Os dissidentes de esquerda que criticam essa guinada chegaram a conclusões ideológicas ainda piores: estão alimentando a fantasia de que a solução é um retorno à »soberania nacional«, abandonando a zona do euro, a UE e outros contextos supranacionais. Essa ideia é, de fato, completamente ilusória, pois, de um lado, uma separação da rede de conexões globais é simplesmente impossível; de outro, teriam apenas consequências catastróficas para os países que se esforças-sem para implementá-la. No entanto, ela reflete a tendência perigosa e crescente de isolamento nacionalista, que, após a crise do euro – e agora também por causa das políticas díspares sobre o problema dos refugiados – arrisca desintegrar a União Europeia. A consequência dessa política »radical de esquerda« (propagada pelos dissidentes do Syriza, o grupo Lafontaine-Wagenknecht e outras esquerdas na Europa) não seria a restauração da soberania econômica e social dos países, mas um isolamento agressivo juntamente com o empobrecimento interno. Isso abriria caminho para regimes autoritários de crise semelhantes aos que já podem ser vistos na Rússia e na Hungria; a Polônia também parece ter seguido o mesmo caminho.

Esse nacionalismo regressivo, ao mesmo tempo, se mistura sistematicamente com os piores tipos de teoria da conspiração, nas quais os poderes misteriosos externos e forças secretas sempre sabotam políticas em defesa do »trabalho honesto« e contra a especulação. É a outra face de uma ilusão política totalmente infundada que só pode explicar seu fracasso através de personificações projetivas obscuras. Não por acaso, todos os estrategistas de frentes transversais podem facilmente construir a partir disso uma ponte para o antissemitismo aberto e o extremismo de direita.

12.

Essa oscilação entre submeter-se aos ditames da austeridade ou à regressão nacionalista alimentada por teorias da conspiração resulta da fixação na lógica básica da sociedade produtora de mercadorias. A esquerda que aceita sem pestanejar que a riqueza é produzida na forma de mercadorias, que, por sua vez, é apenas um meio para o fim da acumulação capitalista, pode ter apenas um programa para influenciar e controlar politicamente a dinâmica capitalista, de modo que a riqueza produzida nessa forma capitalista seja redistribuída com critérios de justiça social. Durante o boom do fordismo, essa política contava com uma legitimidade relativa e, em essência, ajudou a melhorar consideravelmente, pelo menos em alguns aspectos, as condições de vida e de trabalho de grande parte da população nos centros capitalistas. Na era do capital fictício, porém, ela se tornou uma perversa caricatura de si mesma. Isso porque, como já mencionei, é necessária uma quantidade sempre maior de recursos para manter em movimento a acumulação de capital, enquanto declina a quantidade de riqueza na forma de mercadorias que pode ser redistribuída socialmente. Em outras palavras: o que »realmente conta« é quase ridículo em comparação com os recursos e meios financeiros que devem ser gastos no funcionamento e na manutenção da máquina capitalista.

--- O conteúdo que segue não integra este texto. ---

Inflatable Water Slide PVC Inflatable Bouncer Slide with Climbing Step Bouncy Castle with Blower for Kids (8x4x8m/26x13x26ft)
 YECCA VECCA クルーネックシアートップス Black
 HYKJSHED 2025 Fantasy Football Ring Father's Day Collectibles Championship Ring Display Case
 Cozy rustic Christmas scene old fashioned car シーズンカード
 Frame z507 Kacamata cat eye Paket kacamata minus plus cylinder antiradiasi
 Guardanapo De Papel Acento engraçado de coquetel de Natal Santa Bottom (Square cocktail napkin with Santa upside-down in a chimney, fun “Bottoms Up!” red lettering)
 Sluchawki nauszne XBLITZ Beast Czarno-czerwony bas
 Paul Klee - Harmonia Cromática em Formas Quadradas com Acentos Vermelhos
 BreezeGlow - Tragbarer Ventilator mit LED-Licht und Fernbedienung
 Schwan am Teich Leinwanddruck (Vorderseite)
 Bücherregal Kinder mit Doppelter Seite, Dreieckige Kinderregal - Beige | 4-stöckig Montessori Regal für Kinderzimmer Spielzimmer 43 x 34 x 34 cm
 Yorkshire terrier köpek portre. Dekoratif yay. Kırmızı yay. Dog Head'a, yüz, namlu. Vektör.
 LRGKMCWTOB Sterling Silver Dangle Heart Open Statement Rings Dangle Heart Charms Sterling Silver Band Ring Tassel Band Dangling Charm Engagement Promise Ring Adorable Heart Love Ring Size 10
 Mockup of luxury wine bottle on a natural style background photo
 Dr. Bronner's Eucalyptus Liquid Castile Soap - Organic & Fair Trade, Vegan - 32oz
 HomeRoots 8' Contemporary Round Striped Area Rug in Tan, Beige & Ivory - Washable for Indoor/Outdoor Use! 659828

Enquanto for possível manter em movimento a acumulação de capital fictício,isso não só induzirá um crescimento mais ou menos forte na economia real (Lohoff, Trenkle, 2012, p. 147 e segs.), mas também vai gerar maior influxo de taxas e impostos, que podem dar ao Estado alguma margem de manobra financeira– e de modo algum é irrelevante o modo como ela é usada. Na disputa política, porém, a resposta atual da esquerda é extremamente limitada. Ela se orienta pelos padrões keynesianos clássicos: estímulo conjuntural mediante ampliação do poder aquisitivo das massas, programas públicos de investimento e ao mesmo tempo, uma distribuição mais justa da riqueza. Comparada ao fanatismo da austeridade neoliberal, essa alternativa é sem dúvida melhor, pois tem como objetivo a melhoria ou pelo menos a estabilização das condições sociais de grande parte da população. No entanto, ela é precária em ao menos dois aspectos.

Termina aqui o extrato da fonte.